> Exercise: Return the full set of entries exactly. Omit none.

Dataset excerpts
[Start of Attachment]

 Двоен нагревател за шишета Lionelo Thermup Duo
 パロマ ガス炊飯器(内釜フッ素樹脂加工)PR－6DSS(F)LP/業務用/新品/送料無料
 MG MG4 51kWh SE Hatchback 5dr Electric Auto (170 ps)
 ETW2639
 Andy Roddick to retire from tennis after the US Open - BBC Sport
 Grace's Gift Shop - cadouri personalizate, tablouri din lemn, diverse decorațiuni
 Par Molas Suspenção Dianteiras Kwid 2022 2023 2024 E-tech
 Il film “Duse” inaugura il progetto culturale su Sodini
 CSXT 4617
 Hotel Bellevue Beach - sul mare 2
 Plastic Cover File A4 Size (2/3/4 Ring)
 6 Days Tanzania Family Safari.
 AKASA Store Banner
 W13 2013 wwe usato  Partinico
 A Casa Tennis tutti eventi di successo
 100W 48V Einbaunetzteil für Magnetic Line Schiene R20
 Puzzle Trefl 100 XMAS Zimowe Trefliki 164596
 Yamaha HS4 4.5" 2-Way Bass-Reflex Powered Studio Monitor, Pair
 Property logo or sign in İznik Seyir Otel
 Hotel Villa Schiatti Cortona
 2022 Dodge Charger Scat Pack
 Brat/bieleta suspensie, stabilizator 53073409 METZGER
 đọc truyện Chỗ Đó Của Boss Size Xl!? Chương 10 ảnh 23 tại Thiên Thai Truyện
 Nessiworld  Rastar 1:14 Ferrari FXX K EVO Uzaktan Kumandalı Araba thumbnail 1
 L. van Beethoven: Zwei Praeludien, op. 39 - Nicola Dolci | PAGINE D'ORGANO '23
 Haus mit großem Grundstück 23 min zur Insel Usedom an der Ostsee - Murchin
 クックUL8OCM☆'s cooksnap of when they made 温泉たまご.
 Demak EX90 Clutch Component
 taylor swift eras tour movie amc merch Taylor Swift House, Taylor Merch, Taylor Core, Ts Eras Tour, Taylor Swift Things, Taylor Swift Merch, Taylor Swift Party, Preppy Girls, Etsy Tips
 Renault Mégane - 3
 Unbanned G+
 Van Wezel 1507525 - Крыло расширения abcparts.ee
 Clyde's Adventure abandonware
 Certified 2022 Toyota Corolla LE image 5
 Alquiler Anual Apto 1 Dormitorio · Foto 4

[End of Attachment]

> Output of the exercise:
 Двоен нагревател за шишета Lionelo Thermup Duo
 パロマ ガス炊飯器(内釜フッ素樹脂加工)PR－6DSS(F)LP/業務用/新品/送料無料
 MG MG4 51kWh SE Hatchback 5dr Electric Auto (170 ps)
 ETW2639
 Andy Roddick to retire from tennis after the US Open - BBC Sport
 Grace's Gift Shop - cadouri personalizate, tablouri din lemn, diverse decorațiuni
 Par Molas Suspenção Dianteiras Kwid 2022 2023 2024 E-tech
 Il film “Duse” inaugura il progetto culturale su Sodini
 CSXT 4617
 Hotel Bellevue Beach - sul mare 2
 Plastic Cover File A4 Size (2/3/4 Ring)
 6 Days Tanzania Family Safari.
 AKASA Store Banner
 W13 2013 wwe usato  Partinico
 A Casa Tennis tutti eventi di successo
 100W 48V Einbaunetzteil für Magnetic Line Schiene R20
 Puzzle Trefl 100 XMAS Zimowe Trefliki 164596
 Yamaha HS4 4.5" 2-Way Bass-Reflex Powered Studio Monitor, Pair
 Property logo or sign in İznik Seyir Otel
 Hotel Villa Schiatti Cortona
 2022 Dodge Charger Scat Pack
 Brat/bieleta suspensie, stabilizator 53073409 METZGER
 đọc truyện Chỗ Đó Của Boss Size Xl!? Chương 10 ảnh 23 tại Thiên Thai Truyện
 Nessiworld  Rastar 1:14 Ferrari FXX K EVO Uzaktan Kumandalı Araba thumbnail 1
 L. van Beethoven: Zwei Praeludien, op. 39 - Nicola Dolci | PAGINE D'ORGANO '23
 Haus mit großem Grundstück 23 min zur Insel Usedom an der Ostsee - Murchin
 クックUL8OCM☆'s cooksnap of when they made 温泉たまご.
 Demak EX90 Clutch Component
 taylor swift eras tour movie amc merch Taylor Swift House, Taylor Merch, Taylor Core, Ts Eras Tour, Taylor Swift Things, Taylor Swift Merch, Taylor Swift Party, Preppy Girls, Etsy Tips
 Renault Mégane - 3
 Unbanned G+
 Van Wezel 1507525 - Крыло расширения abcparts.ee
 Clyde's Adventure abandonware
 Certified 2022 Toyota Corolla LE image 5
 Alquiler Anual Apto 1 Dormitorio · Foto 4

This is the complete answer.